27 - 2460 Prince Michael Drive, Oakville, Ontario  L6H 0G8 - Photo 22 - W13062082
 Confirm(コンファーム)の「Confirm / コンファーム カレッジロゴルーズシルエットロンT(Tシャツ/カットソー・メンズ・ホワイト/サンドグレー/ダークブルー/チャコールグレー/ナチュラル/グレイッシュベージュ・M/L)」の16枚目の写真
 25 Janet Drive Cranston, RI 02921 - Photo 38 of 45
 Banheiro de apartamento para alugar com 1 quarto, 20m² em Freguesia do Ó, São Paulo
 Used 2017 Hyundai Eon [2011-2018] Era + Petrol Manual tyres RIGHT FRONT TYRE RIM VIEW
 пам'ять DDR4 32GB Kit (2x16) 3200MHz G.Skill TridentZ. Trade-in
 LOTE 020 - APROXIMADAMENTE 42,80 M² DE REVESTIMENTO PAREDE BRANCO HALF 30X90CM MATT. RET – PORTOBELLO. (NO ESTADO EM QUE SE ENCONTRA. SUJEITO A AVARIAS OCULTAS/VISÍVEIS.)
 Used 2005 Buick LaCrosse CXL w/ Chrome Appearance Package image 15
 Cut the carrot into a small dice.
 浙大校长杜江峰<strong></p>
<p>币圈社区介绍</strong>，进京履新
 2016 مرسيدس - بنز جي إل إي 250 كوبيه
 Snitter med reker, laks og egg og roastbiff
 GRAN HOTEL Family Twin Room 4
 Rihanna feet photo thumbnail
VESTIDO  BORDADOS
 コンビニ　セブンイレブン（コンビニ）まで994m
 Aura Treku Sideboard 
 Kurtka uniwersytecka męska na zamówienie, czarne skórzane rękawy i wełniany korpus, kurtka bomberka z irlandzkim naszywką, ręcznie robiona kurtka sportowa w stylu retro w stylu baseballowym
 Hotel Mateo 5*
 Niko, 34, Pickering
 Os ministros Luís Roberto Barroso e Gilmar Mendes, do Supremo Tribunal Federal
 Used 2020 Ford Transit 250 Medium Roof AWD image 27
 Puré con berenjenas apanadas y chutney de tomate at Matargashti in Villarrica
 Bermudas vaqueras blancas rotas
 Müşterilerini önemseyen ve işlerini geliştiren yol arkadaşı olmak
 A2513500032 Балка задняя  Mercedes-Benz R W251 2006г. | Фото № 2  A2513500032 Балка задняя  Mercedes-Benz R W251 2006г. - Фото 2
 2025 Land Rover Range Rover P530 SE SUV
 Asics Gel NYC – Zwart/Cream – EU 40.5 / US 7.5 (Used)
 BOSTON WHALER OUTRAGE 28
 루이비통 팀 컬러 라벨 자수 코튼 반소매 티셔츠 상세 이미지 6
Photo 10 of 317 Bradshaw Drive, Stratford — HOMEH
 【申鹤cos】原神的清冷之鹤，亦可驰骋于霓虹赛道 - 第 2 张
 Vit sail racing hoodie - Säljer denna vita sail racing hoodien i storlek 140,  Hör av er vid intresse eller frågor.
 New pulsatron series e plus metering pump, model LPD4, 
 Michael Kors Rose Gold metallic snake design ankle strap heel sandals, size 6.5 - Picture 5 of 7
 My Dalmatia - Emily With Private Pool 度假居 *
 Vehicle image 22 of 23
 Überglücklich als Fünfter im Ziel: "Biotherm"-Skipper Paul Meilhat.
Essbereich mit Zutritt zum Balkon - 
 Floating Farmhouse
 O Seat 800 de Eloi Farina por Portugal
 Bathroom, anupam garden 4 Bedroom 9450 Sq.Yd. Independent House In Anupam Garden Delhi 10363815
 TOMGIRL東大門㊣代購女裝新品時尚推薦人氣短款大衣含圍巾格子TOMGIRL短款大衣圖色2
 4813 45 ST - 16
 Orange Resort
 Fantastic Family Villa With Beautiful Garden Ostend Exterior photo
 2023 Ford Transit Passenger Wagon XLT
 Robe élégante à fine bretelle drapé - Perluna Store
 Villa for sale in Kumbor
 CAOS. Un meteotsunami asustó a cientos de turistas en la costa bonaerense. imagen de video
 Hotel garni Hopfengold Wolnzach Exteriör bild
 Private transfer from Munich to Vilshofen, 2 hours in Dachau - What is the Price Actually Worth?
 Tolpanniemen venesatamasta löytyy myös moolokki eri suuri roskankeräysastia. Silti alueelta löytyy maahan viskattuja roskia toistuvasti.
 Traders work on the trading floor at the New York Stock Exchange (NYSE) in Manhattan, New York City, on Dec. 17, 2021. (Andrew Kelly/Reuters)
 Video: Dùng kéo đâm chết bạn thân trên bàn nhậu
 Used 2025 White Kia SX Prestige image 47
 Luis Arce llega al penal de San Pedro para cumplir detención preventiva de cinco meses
____
# [YOUR INSTRUCTIONS]
Each line between the start of the listing above and the line containing "25 Janet Drive", with both ends counted, is to be set down unchanged.

# [OUTPUT]
27 - 2460 Prince Michael Drive, Oakville, Ontario  L6H 0G8 - Photo 22 - W13062082
 Confirm(コンファーム)の「Confirm / コンファーム カレッジロゴルーズシルエットロンT(Tシャツ/カットソー・メンズ・ホワイト/サンドグレー/ダークブルー/チャコールグレー/ナチュラル/グレイッシュベージュ・M/L)」の16枚目の写真
 25 Janet Drive Cranston, RI 02921 - Photo 38 of 45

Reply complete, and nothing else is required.